Configuration Management
Loading Configurations
The configuration system uses an orchestrator pattern to coordinate caching, loading, and validation. The main entry point is through the ConfigurationOrchestrator:
from farm.config import ConfigurationOrchestrator
# Create orchestrator (coordinates cache, loader, and validator)
orchestrator = ConfigurationOrchestrator()
# Load from centralized config system (recommended approach)
config = orchestrator.load_config()
# Load specific environment and profile
config = orchestrator.load_config(
environment="production",
profile="benchmark"
)
# Load with validation and caching options
config = orchestrator.load_config(
environment="development",
profile="research",
validate=True,
use_cache=True
)
Legacy Loading Methods
For backward compatibility, the old SimulationConfig.from_centralized_config() method is still available but now uses the orchestrator internally:
from farm.config import SimulationConfig
# These methods still work but use the orchestrator internally
config = SimulationConfig.from_centralized_config()
config = SimulationConfig.from_centralized_config(
environment="production",
profile="benchmark"
)
Programmatic Configuration
from farm.config import SimulationConfig
# Create configuration programmatically
config = SimulationConfig(
width=200,
height=200,
system_agents=15,
learning_rate=0.001,
# ... other parameters
)
Configuration Templates
AgentFarm supports configuration templates for parameterized experiments:
from farm.config.template import ConfigTemplate
# Load a template
template = ConfigTemplate.from_yaml("config/templates/my_template.yaml")
# Instantiate with parameters
config = template.instantiate({
'env_size': 200,
'agent_count': 25
})
Best Practices
Organization
- Use the
ConfigurationOrchestratorfor all configuration loading (it coordinates caching, loading, and validation) - Leverage environments (development, production, testing) for different deployment scenarios
- Use profiles for different types of experiments (benchmark, research, simulation)

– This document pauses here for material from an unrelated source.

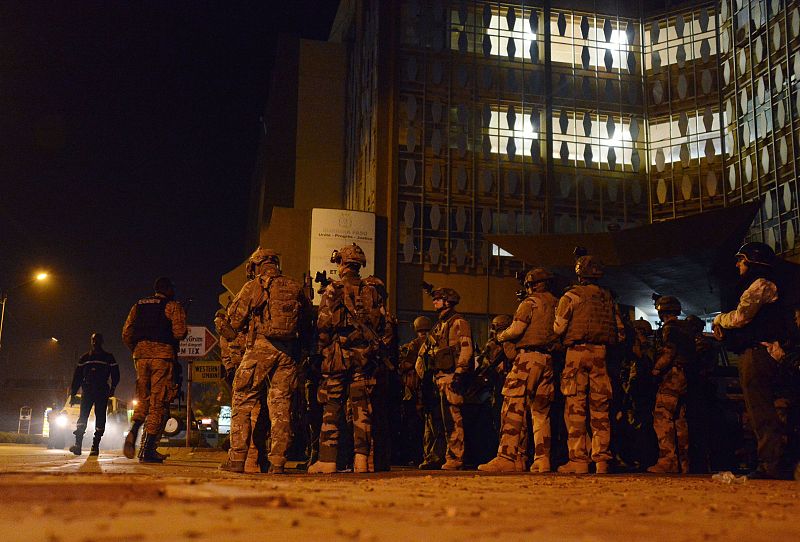 Soldados franceses toman posición durante el asalto al hotel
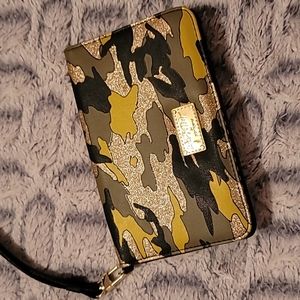 Betsy Johnson Wristlet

- Enable caching for production deployments to improve performance
- Version important configurations for reproducible research
Validation
- Always use the centralized config loading system which includes validation
- Test configurations with small simulations before running large experiments
- Use configuration versioning for important experiments
Performance
- Configure database pragmas appropriately for your use case (“balanced” is usually best)
- Set appropriate device preferences for neural network computations
- Use in-memory databases for fast prototyping and development
Maintenance
- Keep configurations under version control
- Document the purpose and expected outcomes of configuration changes
- Use descriptive names for configuration files and versions
- Archive configurations used for published results
This configuration system provides comprehensive control over all aspects of AgentFarm simulations while maintaining a clean, hierarchical structure for ease of use and maintenance.